18. Assuming, however, that Section 344 applies after the record was sent to Nowgong and the petitioner was produced before the Additional District Magistrate, Nowgong, the order sheet shows that the Magistrate had before him the remand report of the concerned police officer. The affidavit of the Magistrate shows that the petitioner was produced before him every time he passed the remand order. The remand report would obviously contained a prayer for remand on the ground that the investigation and the collection of evidence has not yet been completely probably due to the dimensions of the case and the complicated nature of the evidence. These clearly would be the reasons for the order of remand.
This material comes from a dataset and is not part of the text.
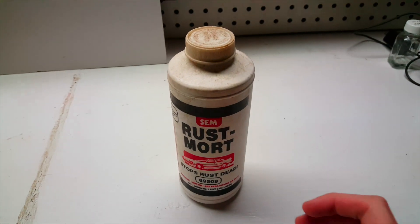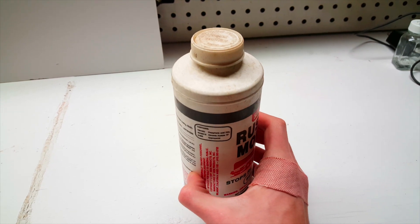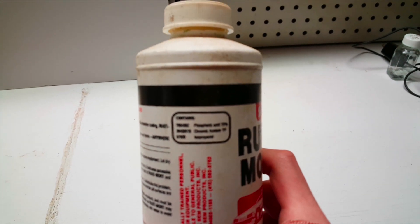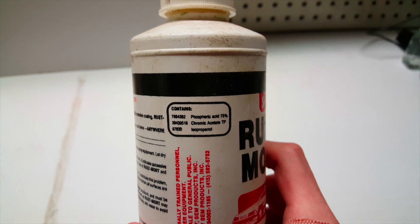Today, I'll be extracting relatively pure phosphoric acid from this incredibly old rust remover product that I found. According to the bottle, this rust remover contains about 75% phosphoric acid, which theoretically means I should get a pretty good yield.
Therefore, when the order-sheet speaks of the Magistrate having perused the police report for remand, the reasons and the circumstances set out in the report would be the reasons for passing the orders of remand. Hence, it is difficult to say that Section 344 of the Code, assuming it applies, was contravened.
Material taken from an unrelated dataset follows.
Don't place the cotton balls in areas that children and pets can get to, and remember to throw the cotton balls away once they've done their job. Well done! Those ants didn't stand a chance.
19. These were the only grounds raised before us for sustaining the petition. In our view, none of them is capable of being upheld. Consequently, the petition fails and is dismissed.
20. Before we part with this case, we should draw the attention of the prosecution authorities that nearly a year has elapsed since the filing of the complaint. We should think that there has been sufficient time for them to complete the work of collection of evidence and investigation. We, however, appreciate the difficulty of the Magistrate concerned at Kohima and Nowgong in proceeding further with the case as neither of them would know whether to proceed with it or not so long as the State's application for transfer of the case to Nowgong is pending. If the application is still pending, the State should apply to the High Court to expedite and dispose of the application as soon as possible and thereafter do everything possible to proceed expeditiously with the trial in such Court as the High Court may, according to the result in the said application direct.